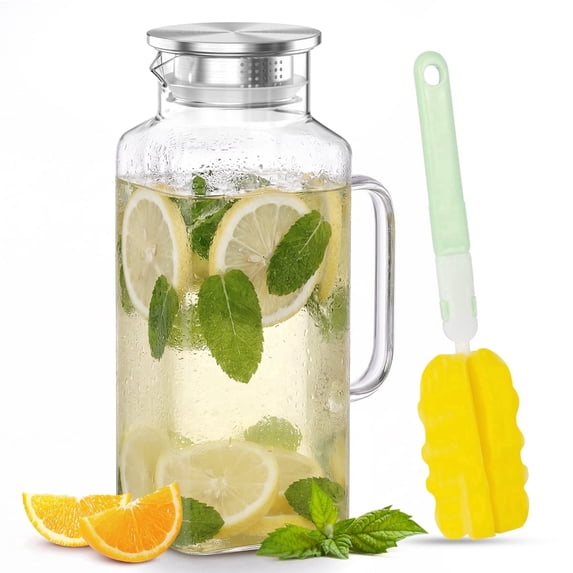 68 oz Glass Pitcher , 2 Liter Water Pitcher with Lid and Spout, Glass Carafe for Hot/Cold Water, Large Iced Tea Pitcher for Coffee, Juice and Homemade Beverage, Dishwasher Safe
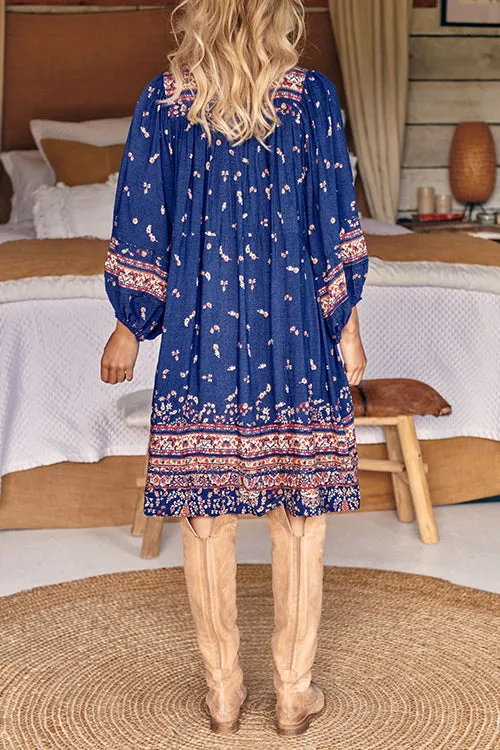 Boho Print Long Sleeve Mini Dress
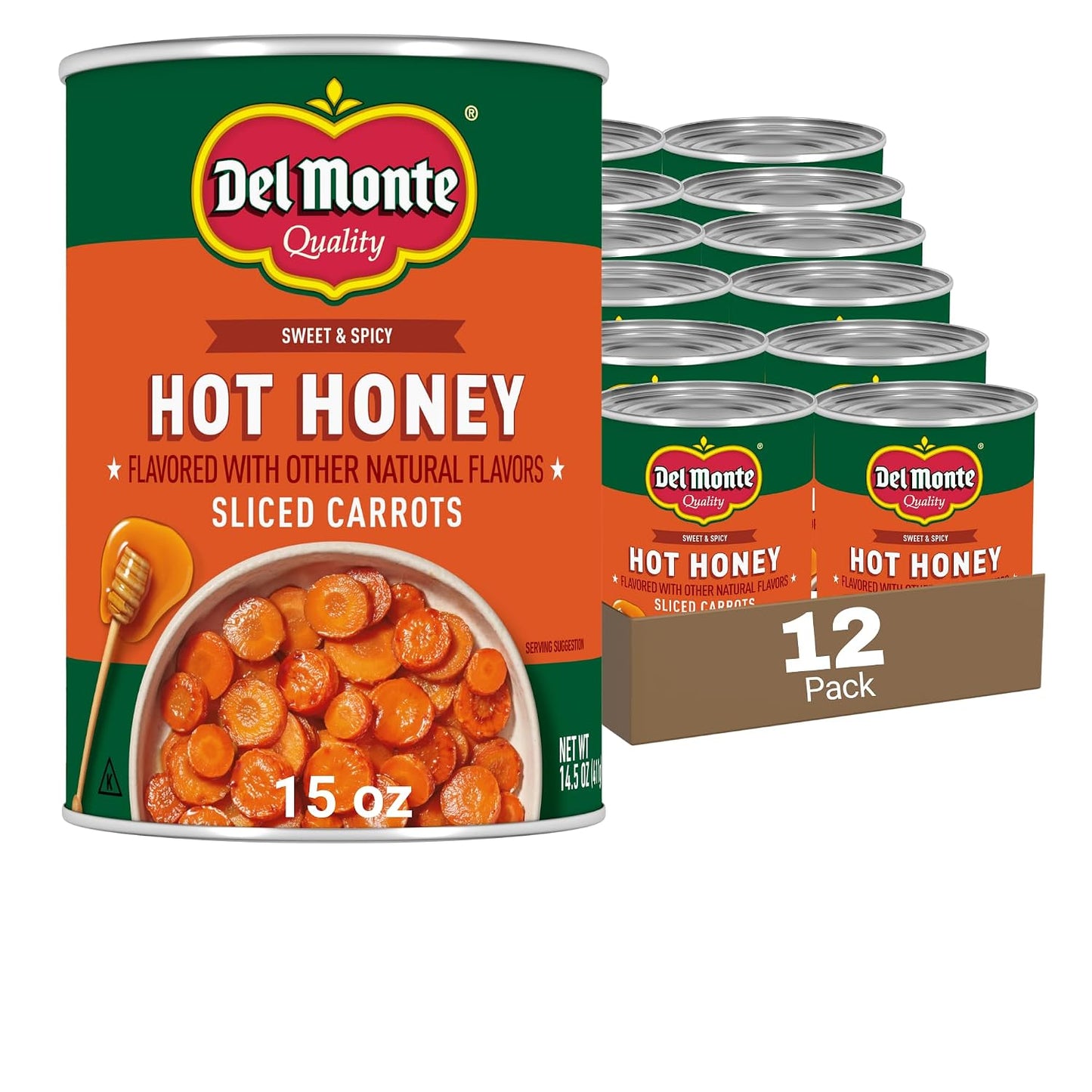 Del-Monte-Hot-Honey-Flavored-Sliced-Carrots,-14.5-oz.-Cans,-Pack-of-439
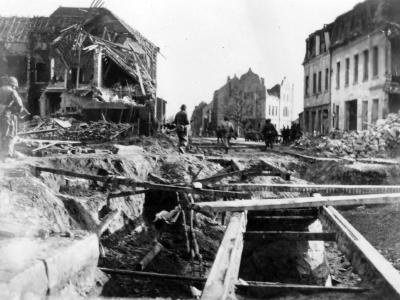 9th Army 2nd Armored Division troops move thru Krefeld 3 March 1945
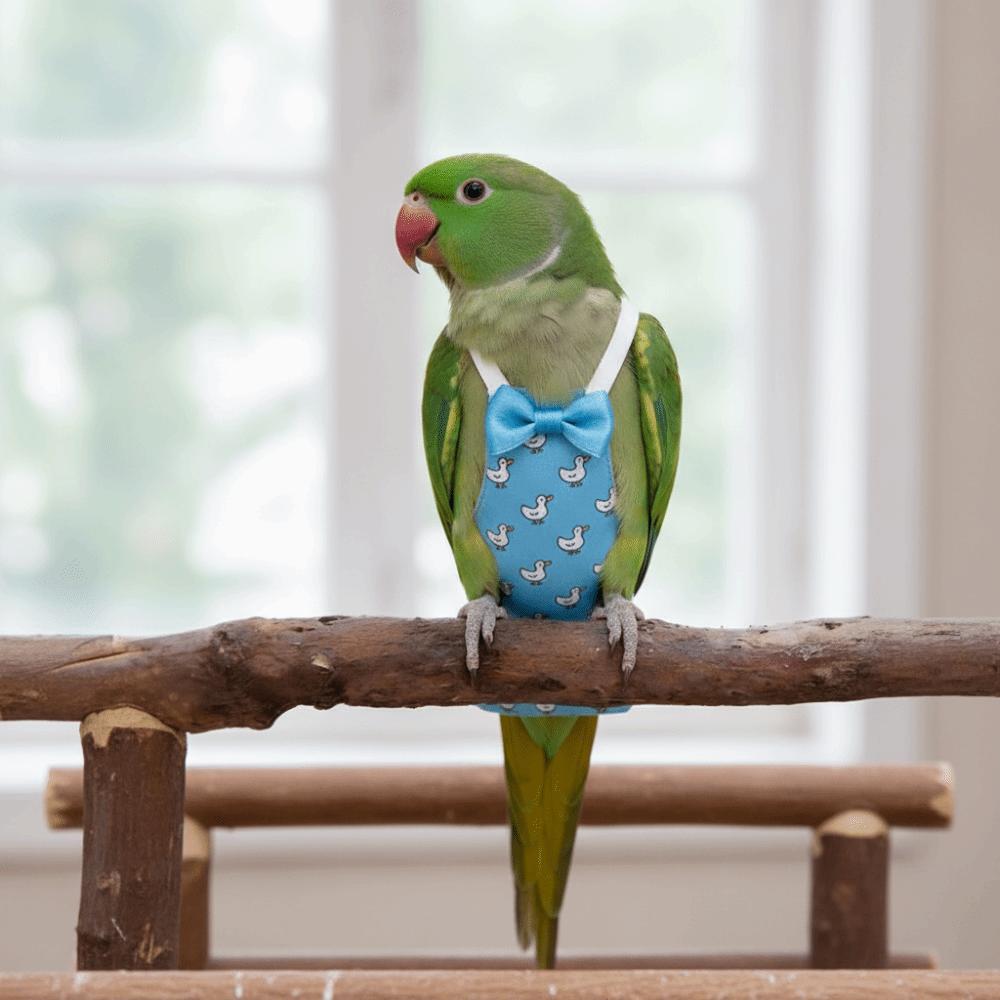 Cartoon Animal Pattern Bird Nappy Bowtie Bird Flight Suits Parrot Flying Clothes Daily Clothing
####
The answer must be the full listing, exact in every line, with the pictures removed.

*THE COMPLETED TASK*:
 68 oz Glass Pitcher , 2 Liter Water Pitcher with Lid and Spout, Glass Carafe for Hot/Cold Water, Large Iced Tea Pitcher for Coffee, Juice and Homemade Beverage, Dishwasher Safe
 Boho Print Long Sleeve Mini Dress
 Del-Monte-Hot-Honey-Flavored-Sliced-Carrots,-14.5-oz.-Cans,-Pack-of-439
 9th Army 2nd Armored Division troops move thru Krefeld 3 March 1945
 Cartoon Animal Pattern Bird Nappy Bowtie Bird Flight Suits Parrot Flying Clothes Daily Clothing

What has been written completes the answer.